#### AVAILABLE DATA ####
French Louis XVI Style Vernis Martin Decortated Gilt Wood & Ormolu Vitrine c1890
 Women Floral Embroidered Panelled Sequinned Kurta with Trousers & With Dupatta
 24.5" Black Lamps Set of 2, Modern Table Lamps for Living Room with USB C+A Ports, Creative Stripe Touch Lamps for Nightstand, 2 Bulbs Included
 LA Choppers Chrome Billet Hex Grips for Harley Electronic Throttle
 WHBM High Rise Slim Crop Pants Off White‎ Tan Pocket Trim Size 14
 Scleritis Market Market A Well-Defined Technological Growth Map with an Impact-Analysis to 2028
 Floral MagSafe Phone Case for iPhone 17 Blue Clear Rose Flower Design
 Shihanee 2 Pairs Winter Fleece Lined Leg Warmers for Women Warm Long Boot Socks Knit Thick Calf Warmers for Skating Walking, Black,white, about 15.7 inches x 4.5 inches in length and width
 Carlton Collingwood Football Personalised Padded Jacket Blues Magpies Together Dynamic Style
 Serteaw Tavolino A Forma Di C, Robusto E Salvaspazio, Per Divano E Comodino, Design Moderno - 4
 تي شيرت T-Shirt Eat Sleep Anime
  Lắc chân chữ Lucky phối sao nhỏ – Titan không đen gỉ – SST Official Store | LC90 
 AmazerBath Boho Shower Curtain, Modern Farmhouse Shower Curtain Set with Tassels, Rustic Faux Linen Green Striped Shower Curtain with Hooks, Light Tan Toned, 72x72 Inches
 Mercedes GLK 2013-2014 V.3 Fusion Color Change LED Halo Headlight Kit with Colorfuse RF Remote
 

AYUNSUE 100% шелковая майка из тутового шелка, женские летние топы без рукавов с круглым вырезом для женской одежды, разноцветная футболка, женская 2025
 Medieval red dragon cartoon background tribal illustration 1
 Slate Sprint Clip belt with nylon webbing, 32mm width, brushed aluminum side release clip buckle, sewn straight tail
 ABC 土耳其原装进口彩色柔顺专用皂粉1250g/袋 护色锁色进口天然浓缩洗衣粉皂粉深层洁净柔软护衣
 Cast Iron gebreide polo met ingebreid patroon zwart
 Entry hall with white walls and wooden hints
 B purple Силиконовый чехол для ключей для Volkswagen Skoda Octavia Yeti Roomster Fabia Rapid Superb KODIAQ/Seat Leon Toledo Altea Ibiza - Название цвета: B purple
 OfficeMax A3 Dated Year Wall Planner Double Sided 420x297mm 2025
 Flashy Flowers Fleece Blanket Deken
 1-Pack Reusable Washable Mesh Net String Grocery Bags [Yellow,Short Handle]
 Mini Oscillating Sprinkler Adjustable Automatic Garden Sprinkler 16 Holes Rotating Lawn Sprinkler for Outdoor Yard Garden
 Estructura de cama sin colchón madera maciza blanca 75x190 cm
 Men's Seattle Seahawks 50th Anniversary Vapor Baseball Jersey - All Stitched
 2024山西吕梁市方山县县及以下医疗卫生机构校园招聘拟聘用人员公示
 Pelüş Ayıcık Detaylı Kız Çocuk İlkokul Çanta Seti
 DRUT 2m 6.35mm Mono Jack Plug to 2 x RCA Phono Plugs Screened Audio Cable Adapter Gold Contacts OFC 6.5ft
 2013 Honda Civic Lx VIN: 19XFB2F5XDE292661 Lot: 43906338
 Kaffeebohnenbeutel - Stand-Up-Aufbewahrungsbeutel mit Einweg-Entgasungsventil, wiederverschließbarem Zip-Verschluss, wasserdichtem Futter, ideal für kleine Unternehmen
####
**PROBLEM DESCRIPTION:**
Each line from the one with "Pelüş Ayıcık Detaylı" through the end of the records above should be written out exactly. No other line should appear.

**EXERCISE OUTPUT:**
 Pelüş Ayıcık Detaylı Kız Çocuk İlkokul Çanta Seti
 DRUT 2m 6.35mm Mono Jack Plug to 2 x RCA Phono Plugs Screened Audio Cable Adapter Gold Contacts OFC 6.5ft
 2013 Honda Civic Lx VIN: 19XFB2F5XDE292661 Lot: 43906338
 Kaffeebohnenbeutel - Stand-Up-Aufbewahrungsbeutel mit Einweg-Entgasungsventil, wiederverschließbarem Zip-Verschluss, wasserdichtem Futter, ideal für kleine Unternehmen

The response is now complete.